Telemarketer: Um, I will have to refer you to customer service to answer that. Do you have the customer service phone number?

Me: Well, not in front of me...

Telemarketer: Well, all we're asking is that you commit to continuing your Dish Network service for 24 more months and we will activate your free HBO and Starz tonight.

Me: Wait a minute! Commit in what sense?

Telemarketer: Well, we're just asking you to commit to continuing your Dish Network service for 24 more months.

Me: Yes, I heard that part. So is this a binding verbal contract you're asking me to make right now?

Telemarketer: We're just asking you to commit for 24 more months.

(Sigh.)

Me: What would be the penalty if I cancelled my service before 24 months?

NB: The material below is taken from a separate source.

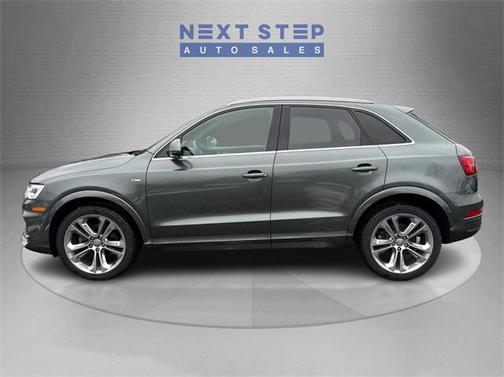 2018 Audi Q3 2.0T Sport Premium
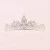 Import Custom gold crown tiaras cheap beauty pageant tiaras wedding tiaras and crowns from China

Telemarketer: Well, then you'd have to pay $10 a month for the remainder of the contract.

Me: So this is a contract and you would bill me after I removed my service as a penalty for breaking this verbal contract?

Telemarketer: Well...

Telemarketer: We just want to offer you three free months of HBO and Starz, so can I go ahead and sign you up for that?

Me: I just told you that there is no way I would commit to 24 months of Dish Network service if Dish Network isn't willing to commit to providing me with HD local channels. Why would I commit now, especially since you haven't been able to answer my question about that?

Telemarketer: ...

Me: Should I be calling customer service about this? Who can I talk to who would be able to answer my question?

Telemarketer: Yes, um, well that would probably be customer service.

Me: Okay, I'll call them. What's the number? Thank you.

Customer service department's phone: Ring, ring.

Customer service robot: Please state what you want to talk about...you can just say anything!

Me to robot: I received a puzzling telemarketing offer from Dish Network, about which I am seeking clarification from a real person.

(I'm sure that's on the menu.)

Customer service robot: I'm sorry; let me try to understand your issue. Say "billing," "programming," etc.

Me: Sigh. Programming, I guess...

So I get a very nice man in India who wants to know all my customer information. I provide everything, at which point he informs me I am not a customer and asks me what my relationship is with the account holder.

Me: If the account holder is Benjamin, then my relationship is SPOUSE.

Nice but Unhelpful Guy in India: Yes, that's the account holder. Let me see if you are also listed on the account. (typing sound) No, you're not. Therefore, I cannot answer any questions about your account.

Me: Excuse me, what?

Nice but Unhelpful Guy in India: I'm really sorry, but you're not authorized to make any changes on this account.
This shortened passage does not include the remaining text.